Conclusions & Applications
1. The flesh wants to retaliate with evil or it wants to cower and hide, but Jesus says we must stand and fight by overcoming evil with good, giving blessing for cursing.
2. For this reason, these tactics of grace are no guarantee of immediate peace and comfort. A soft answer does often turn away wrath, but Jesus was crucified. They stoned Stephen; they beheaded Paul. These are “burning coals.”
3. Overcoming evil with good presupposes clear definitions about what is good. This is one of the reasons why we are fighting over providing cakes and flowers for celebrations of sin. We are fighting over the definition of good.

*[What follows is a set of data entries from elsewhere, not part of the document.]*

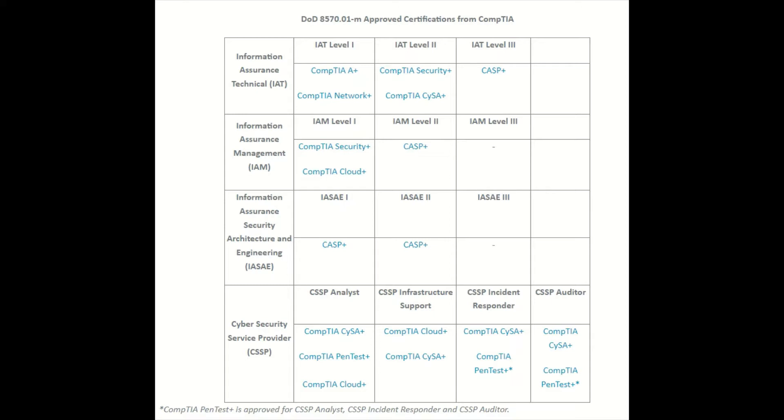For IAT, CASP+ is the highest level certification that you could get on the technical track. Then on the manager track, there are some other certifications that are listed.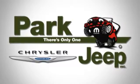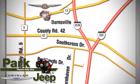Discover Park Chrysler Jeep today. We're conveniently located at 1408 West Highway 13 in Burnsville, Minnesota, just off 35W.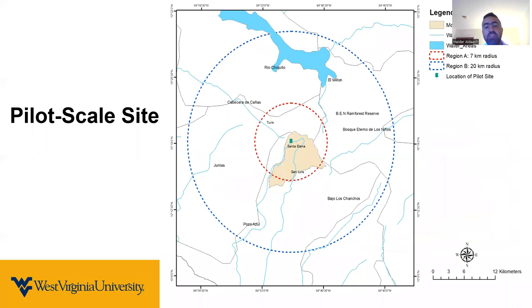This map shows the location of the pilot scale site in Santa Elena, Monteverde. That pilot scale site, which includes anaerobic co-digestion and struvite precipitation, is supposed to serve two regions. The first scenario covers a region within seven kilometers (red circle), focusing on septic sludge, organic municipal solid waste, and fats. The larger circle within 20 kilometers will serve agriculture — cattle, coffee, and manure. So we have two regions to be served by this pilot scale system.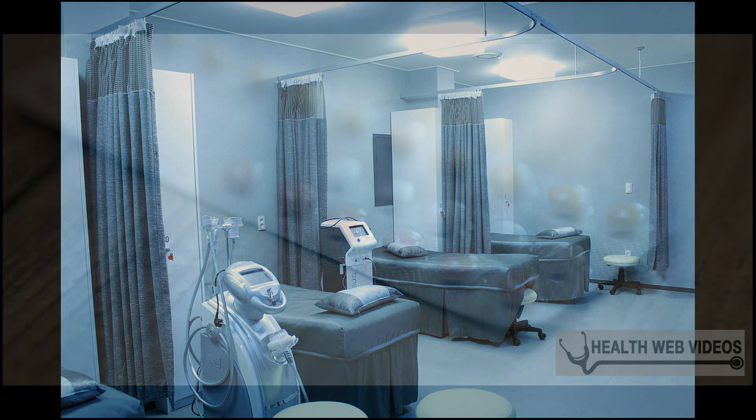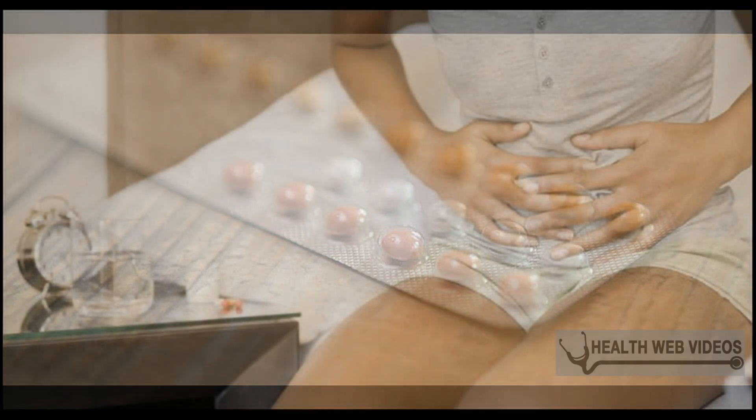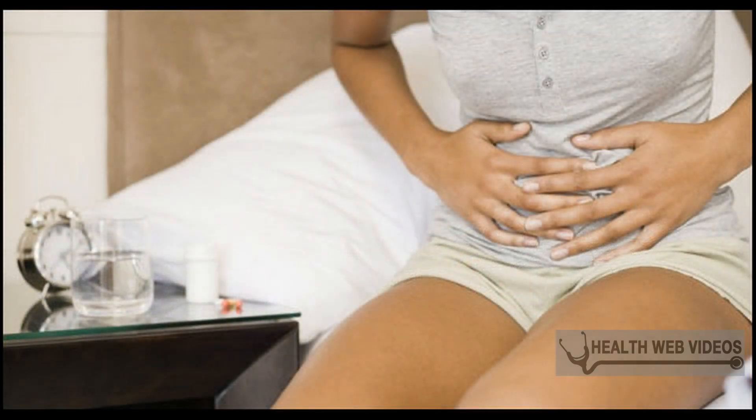Treatment depends on the severity of symptoms. If there are no symptoms, no treatment may be needed. If a cyst is causing problems, drainage is recommended. The preferred method of drainage is the insertion of a word catheter for four weeks.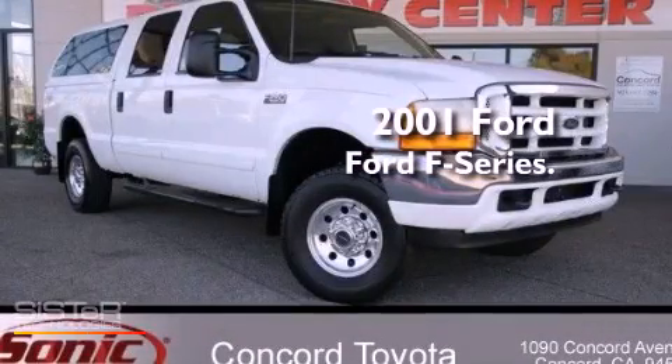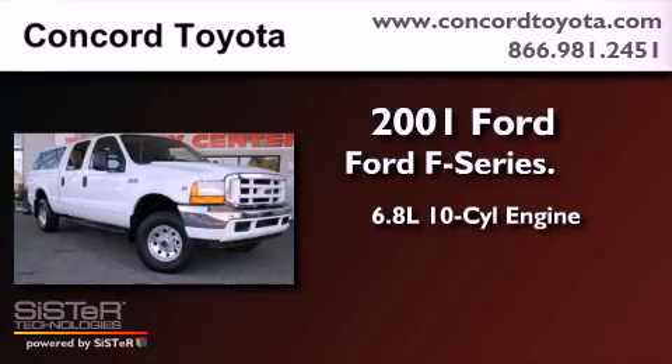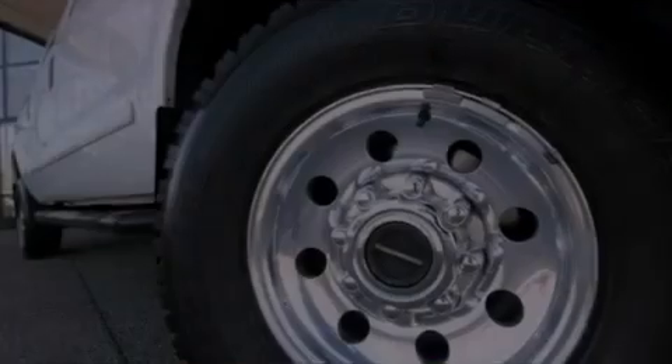This is a 2001 Ford F-250. It has a 6.8-liter 10-cylinder engine, automatic transmission, and four-wheel drive.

4. We must insist on lines as clear as possible of good and evil, or agreement and disagreement so that we can love our enemies. Ironically, sometimes we shy away from stating the truth/disagreement clearly and thereby blunt the edge of our grace.
5. God causes rain to fall and the sun to shine on all men, and therefore, all ordinary human goods and necessities are weapons in our hands: beautiful music, basic health care, birthdays, dinner, good beer, laughter, kind words, gifts, and prayer.
6. The grad school of this goodness is learning to speak and act like Jesus and the other prophets and apostles: preaching, writing, arguing, storytelling, holy mockery, strategic silence, and provocative actions (like tossing tables).
So who are your enemies? Begin praying that God would show you how to overcome evil with good. We believe in the power of God’s goodness because He overcame our evil through the death of His good Son.